The West Virginia Education, Research & Technology Park has retained more than 550 high-paying, high-quality jobs in West Virginia, according to a new report from Battelle and CH2M Hill released today. Considering economic multipliers, the park has supported more than 1,000 additional jobs in the state and produced more than $600 million in economic output.
Battelle, a preeminent research and development organization, conducted the months-long study and recommendations for the West Virginia Higher Education Policy Commission. The commission will take ownership of the park on Dec. 15.
The Battelle report includes information on the “next steps” in the development of the Tech Park, but it also provides data on the jobs and economic impact of the businesses and jobs already in located there:
“Today, as the park property transitions to the Higher Education Policy Commission, the state has been able to retain these high paying jobs, which average $81,900 in salaries and wages,” the report says.

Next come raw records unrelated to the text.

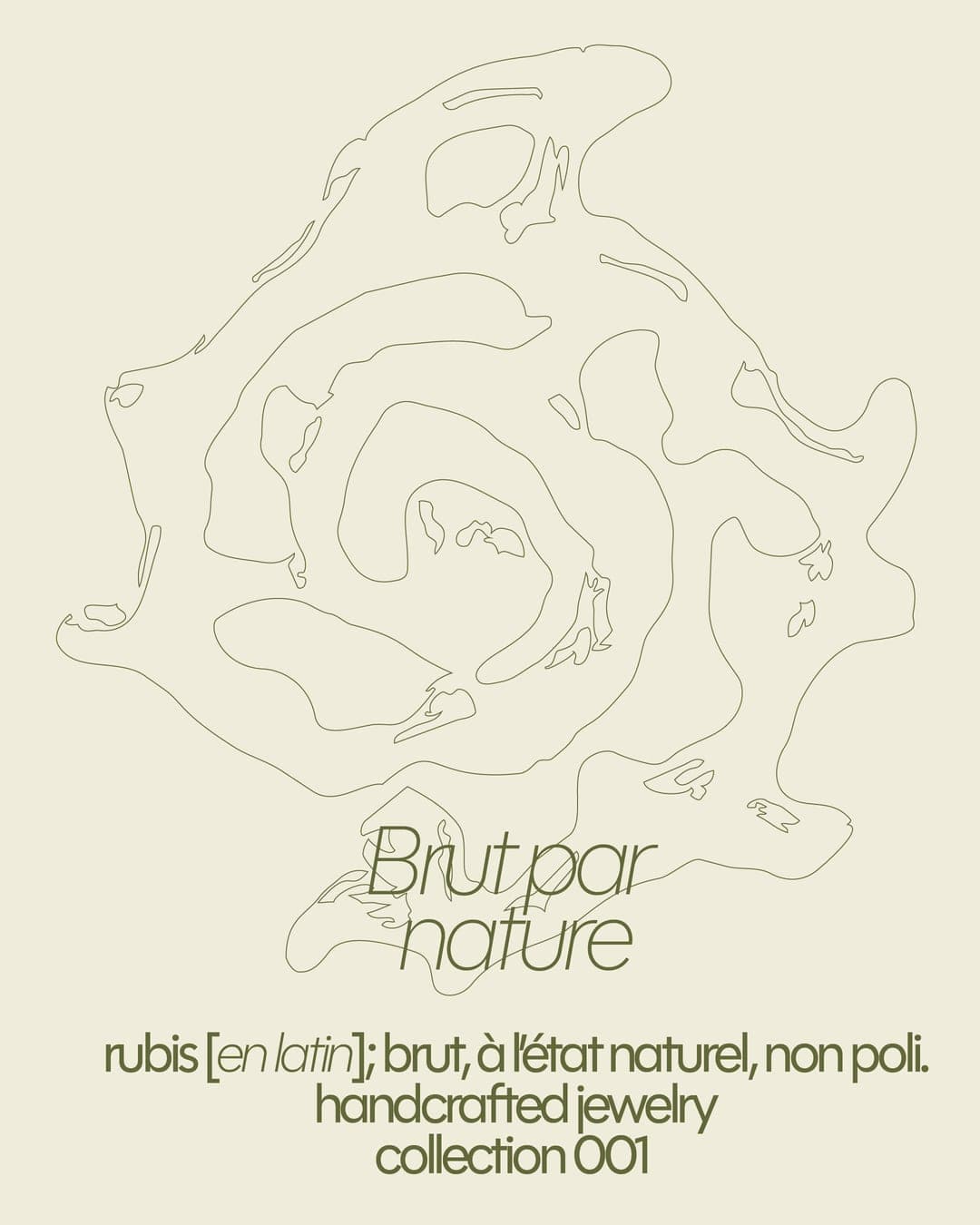 RUDIS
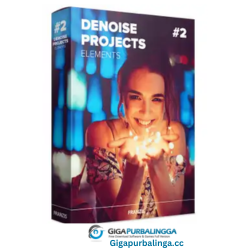 Franzis Denoise Projects Professional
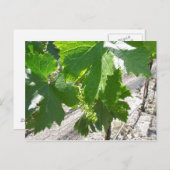 春のつる植物の若緑ぶどう ポストカード (正面/裏面)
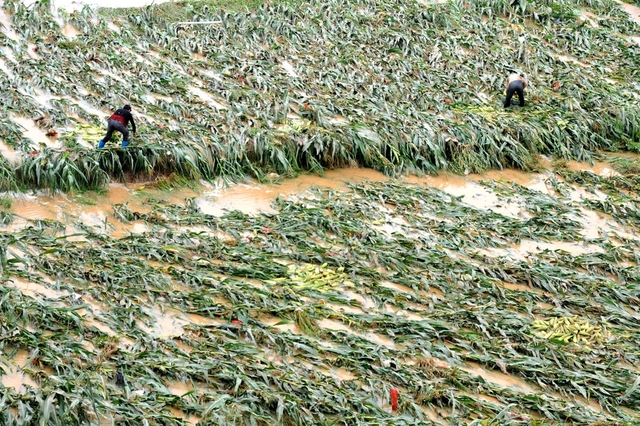 Nông dân đang thu hoạch ngô trên cánh đồng ngập lụt cạnh ngôi làng Liujiacun ơ tỉnh Hồ Bắc, Trung Quốc.
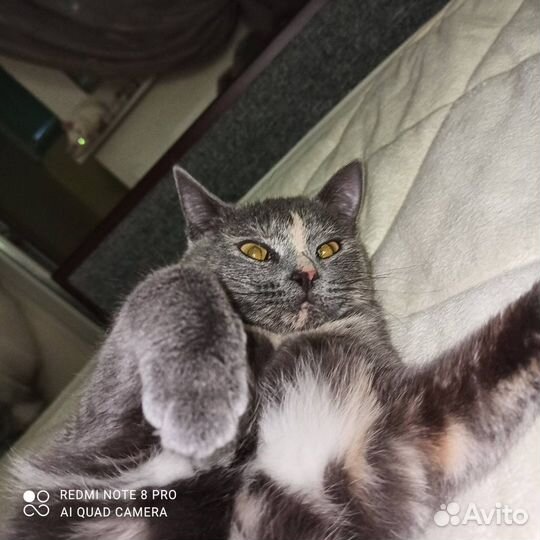 Кошечка София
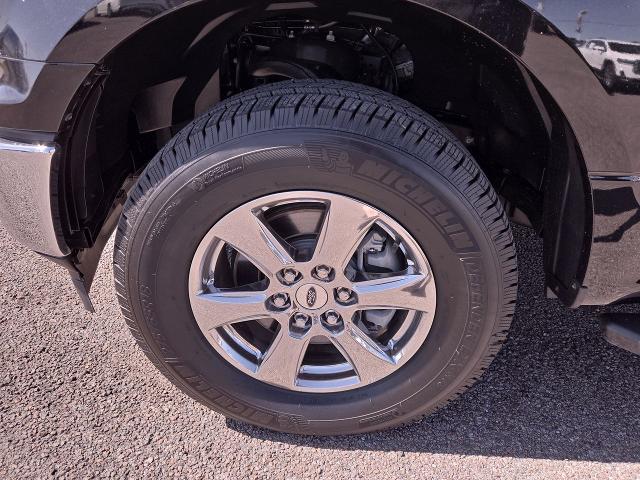 2019 Ford F-150 Vehicle Photo in NEDERLAND, TX 77627-8017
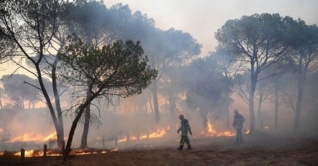 ফ্রান্সে দাবানল, সরানো হয়েছে স্থানীয় বাসিন্দা ও পর্যটকদের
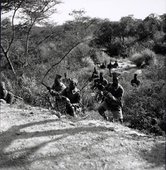 Similar image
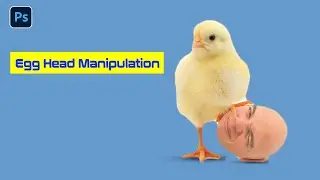 Egg head manipulation |Photoshop Manipulation| Photoshop Manipulation Basic Photoshop tutorial Egg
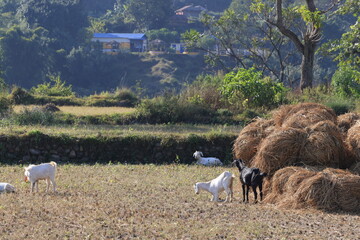 goats is feed in the backyard of house in Nepal village in Pokhara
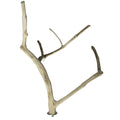 A&E Java Wood Multi Branch Bird Perch Medium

“This represents a total payroll of nearly $39 million with estimated direct and indirect income impacts of over $96 million annually. This activity translates into millions of dollars in state and local taxes collected each year. Few recent state economic development deals have offered as high a return on investment.

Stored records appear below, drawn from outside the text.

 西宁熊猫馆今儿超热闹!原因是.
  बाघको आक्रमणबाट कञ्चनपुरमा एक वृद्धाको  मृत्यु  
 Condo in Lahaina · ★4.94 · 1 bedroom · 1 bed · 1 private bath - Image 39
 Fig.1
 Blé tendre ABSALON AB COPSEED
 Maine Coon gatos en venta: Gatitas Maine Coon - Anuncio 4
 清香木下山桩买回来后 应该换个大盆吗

“But it is the long-term potential for creating an innovation and technology development driver for reinvigorating the global competitiveness of the state’s long-standing chemical and energy sectors that stands to offer the highest economic development pay-offs for the state.”

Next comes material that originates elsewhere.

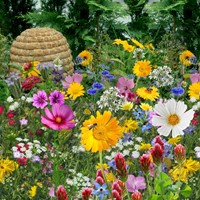 Tübinger Mischung fur Bienen und Schmetterling EKO / 500m2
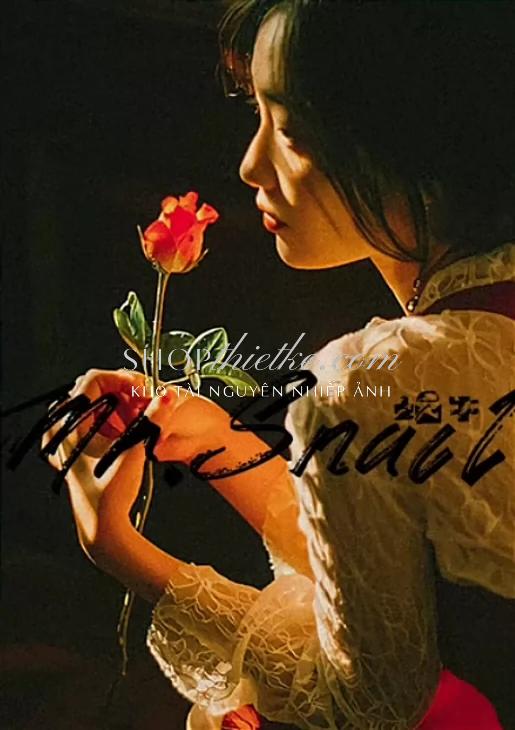 05 Preset & LUTs – Tone Màu Hong Kong Vương Gia Vệ 2025 Đậm Chất Điện Ảnh (XMP/CUBE)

“The Charleston Area Alliance would like to acknowledge the hard work and diligence of Battelle and CH2MHill, along with the West Virginia Higher Education Policy Commission, in completing the assessment and development plan for the former Dow Technology Park,” said Alliance President and CEO Matt Ballard.
“This has been an open process, with all stakeholders having input. Mixing those ideas with the skills, expertise and knowledge of Battelle to recommend best practices in the development and management of technology parks has generated a solid document.”
HEPC Chancellor Brian Nolland appointed Ballard to serve on the Tech Park steering committee.
“This regional project will have a wide geographic impact,” Ballard said. “The park’s employment base spans from Ashland, Ky., to Charleston, to Flatwoods, to Ripley. While the jobs help our regional economy, the innovation potential for the park will positively impact our entire state and even the nation. After all, it is innovation that will be the driver to bring us out of this global economic slump.
“Now, the next phase begins,” Ballard continued. “We encourage all stakeholders to maintain their focus on the long-term goal of generating new investment and new jobs and diversifying the tax base through innovation and technology.”